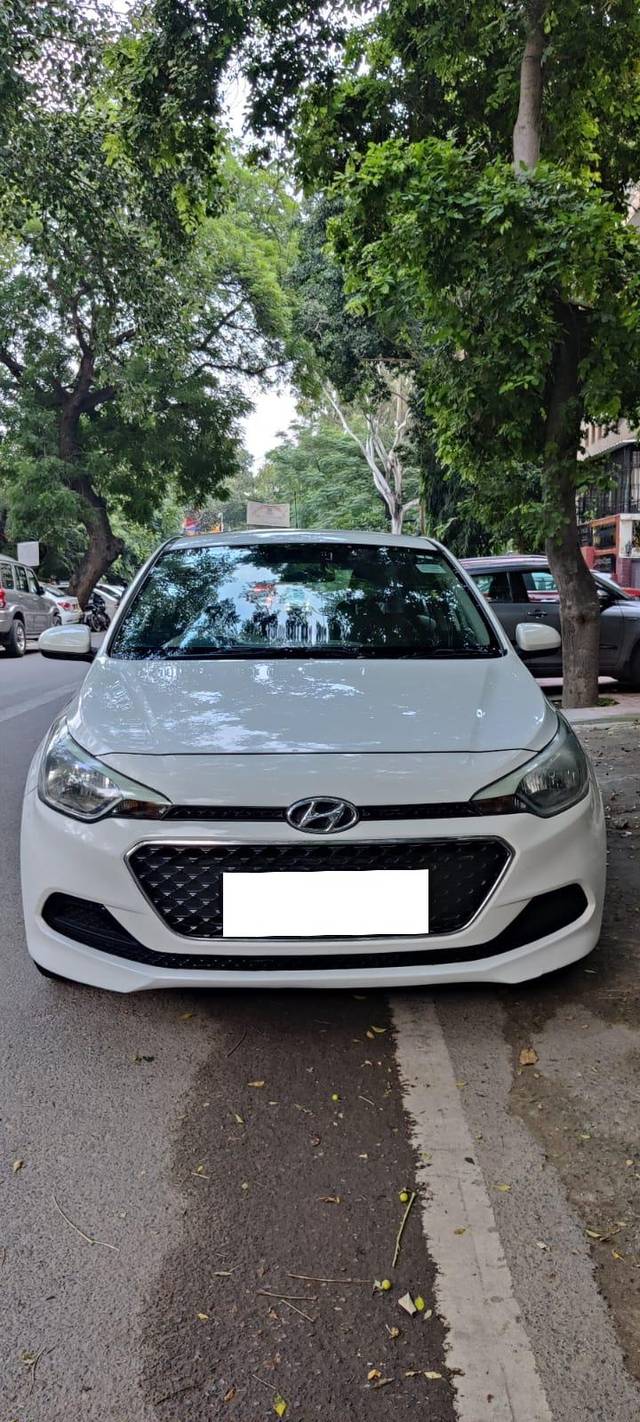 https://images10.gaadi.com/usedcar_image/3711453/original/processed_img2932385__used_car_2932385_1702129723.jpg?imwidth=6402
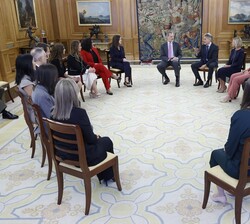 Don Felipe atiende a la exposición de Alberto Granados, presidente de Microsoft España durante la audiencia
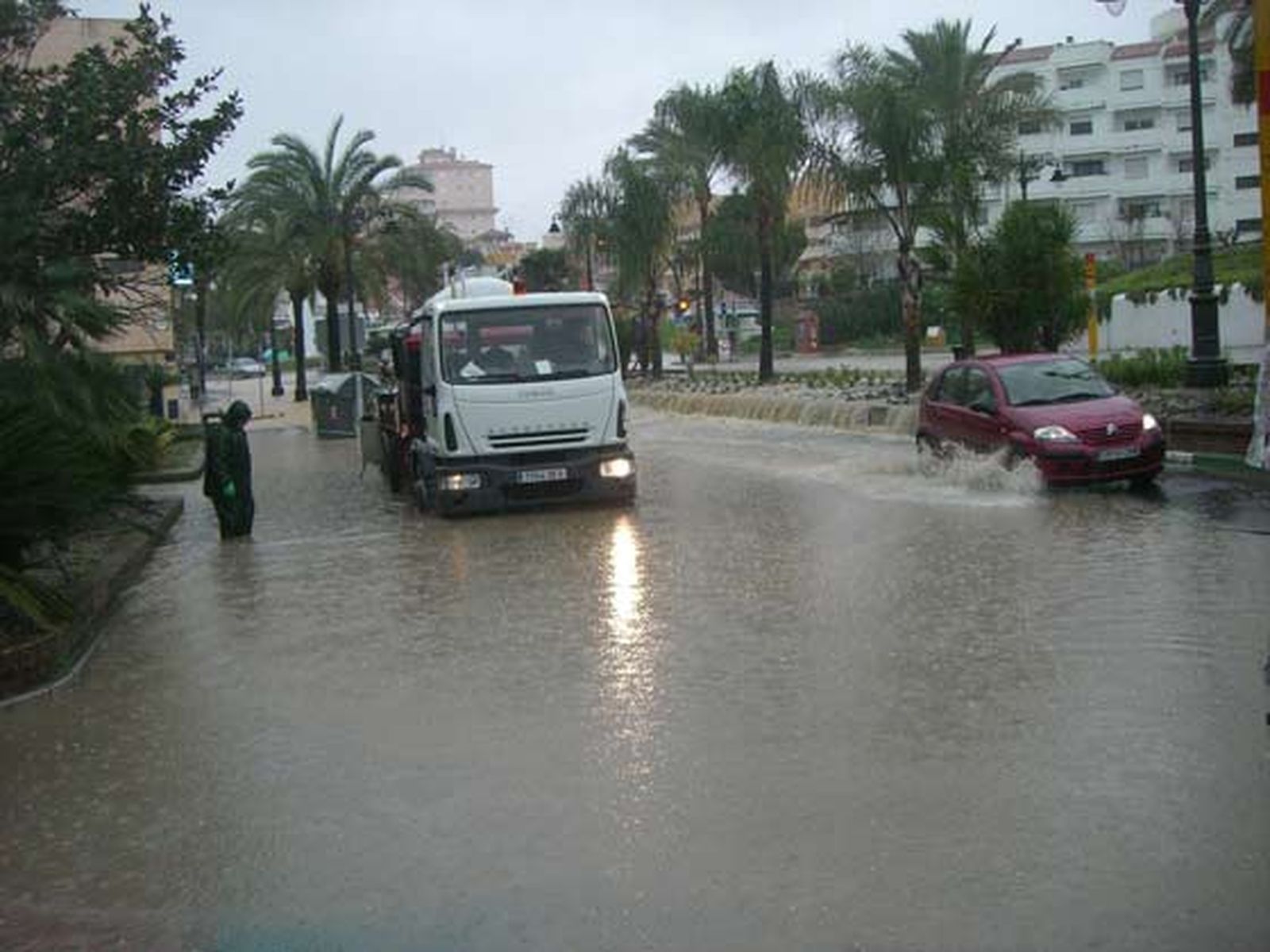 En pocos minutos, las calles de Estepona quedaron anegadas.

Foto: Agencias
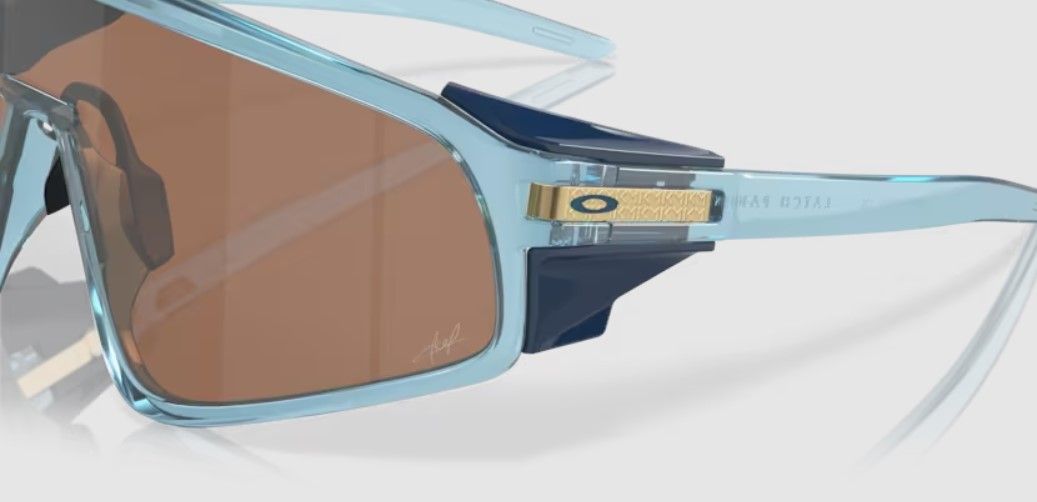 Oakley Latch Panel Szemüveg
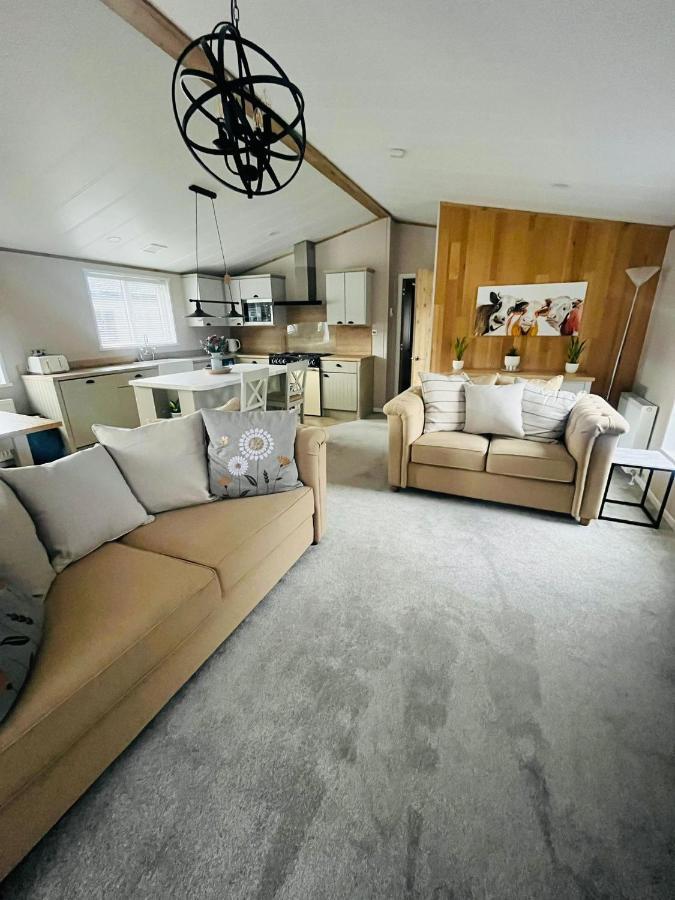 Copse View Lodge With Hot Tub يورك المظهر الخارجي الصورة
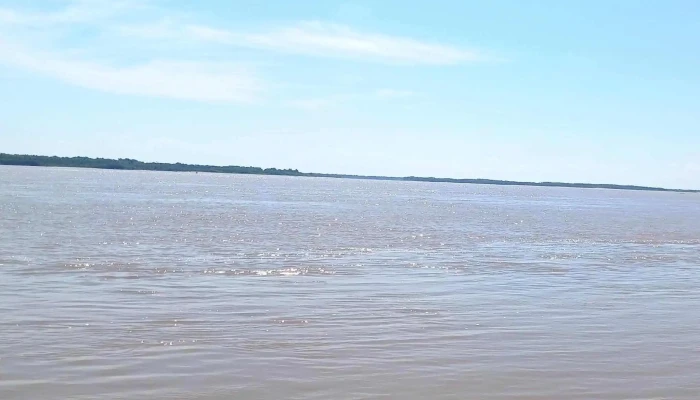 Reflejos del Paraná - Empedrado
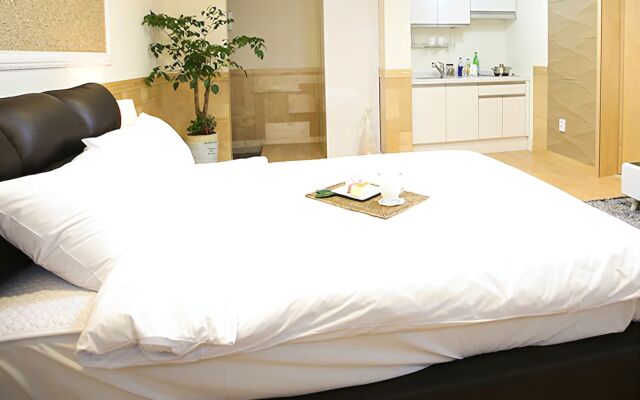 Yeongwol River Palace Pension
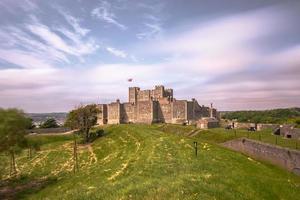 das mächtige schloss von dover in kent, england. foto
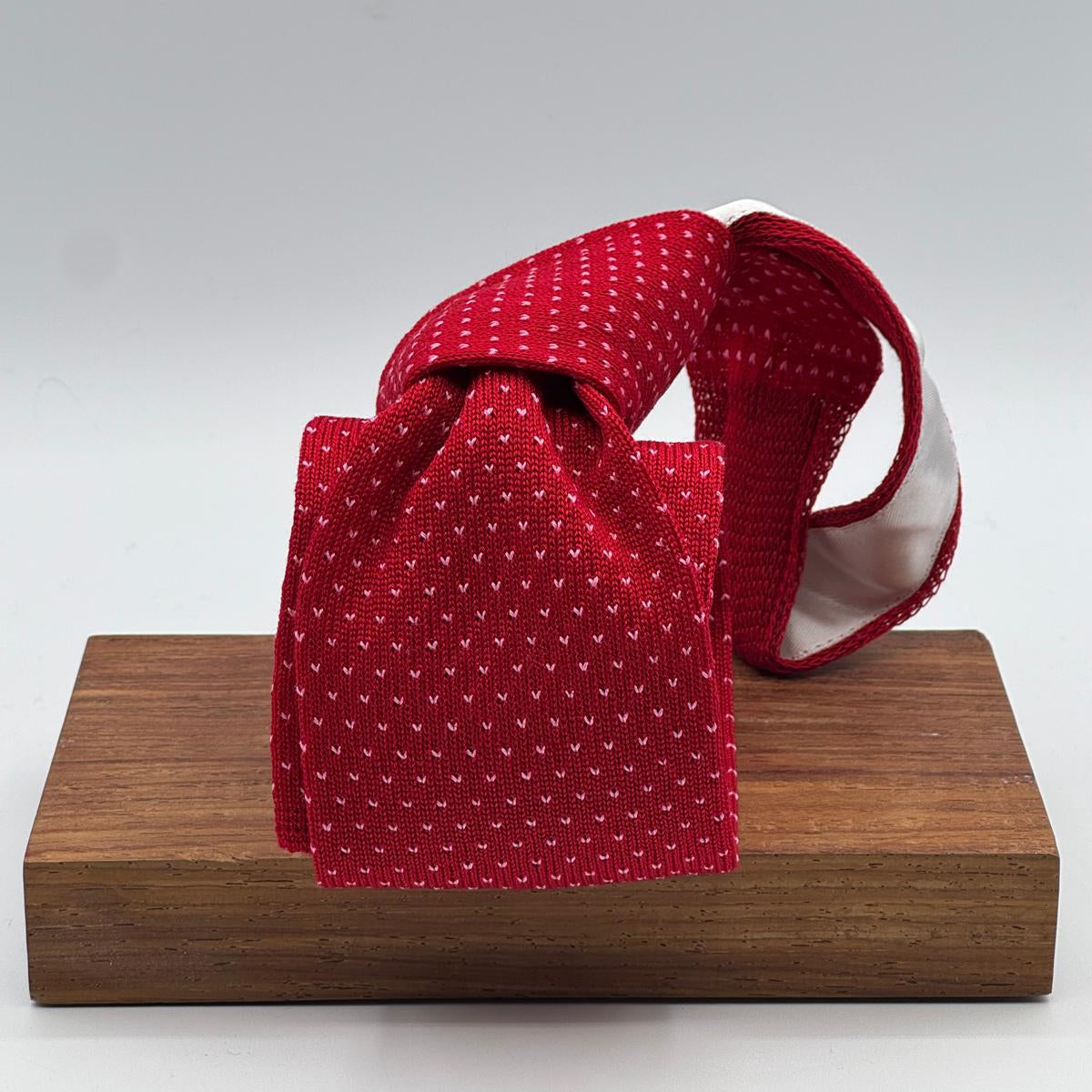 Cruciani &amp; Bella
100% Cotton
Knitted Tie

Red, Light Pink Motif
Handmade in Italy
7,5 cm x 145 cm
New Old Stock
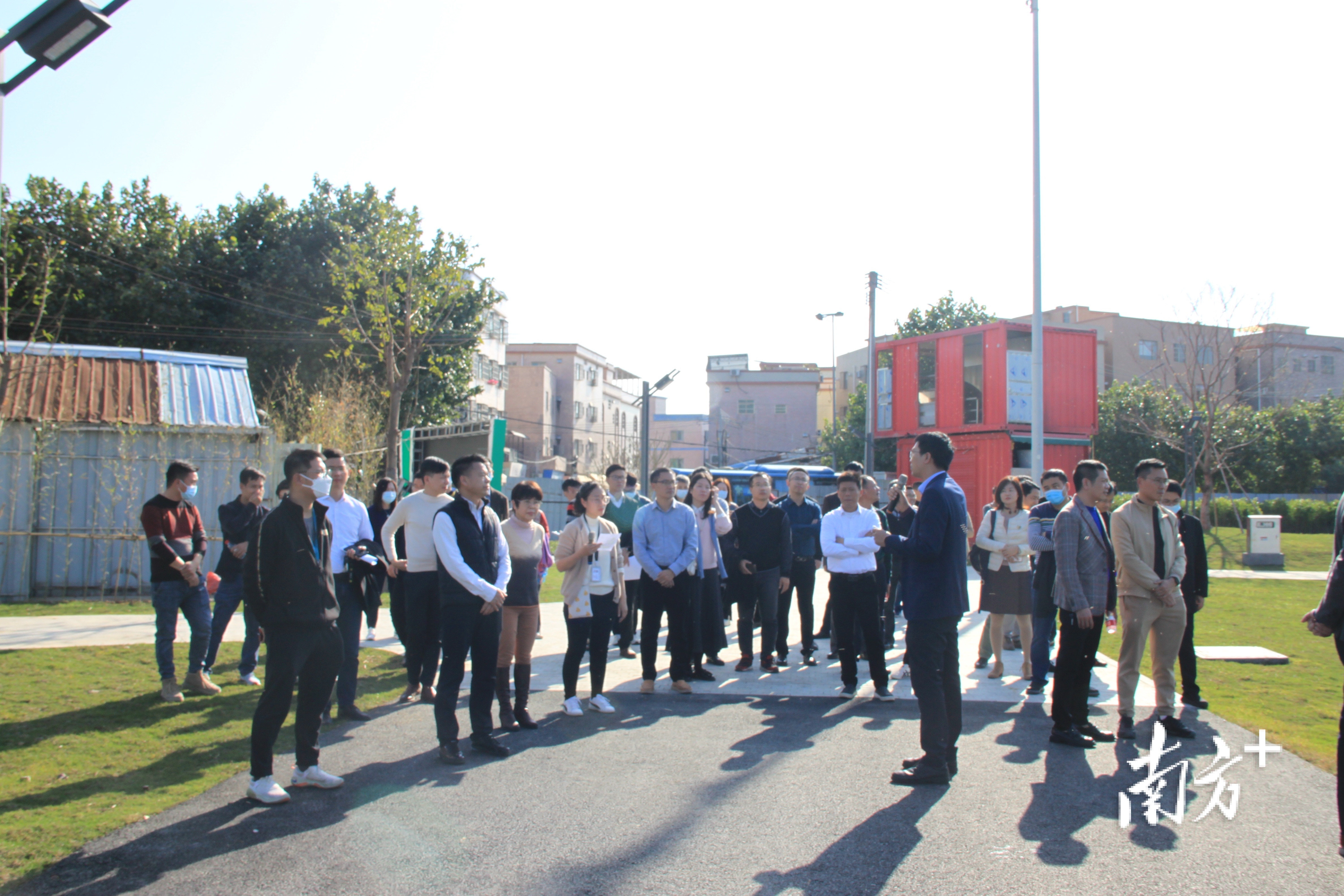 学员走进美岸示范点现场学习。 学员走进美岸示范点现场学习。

### [Task to carry out]
Print, exactly and only, the lines running from the line with "Red, Light Pink Motif" through the last line of the data, including both. Skip any picture.

### [Exercise output]
Red, Light Pink Motif
Handmade in Italy
7,5 cm x 145 cm
New Old Stock
 学员走进美岸示范点现场学习。 学员走进美岸示范点现场学习。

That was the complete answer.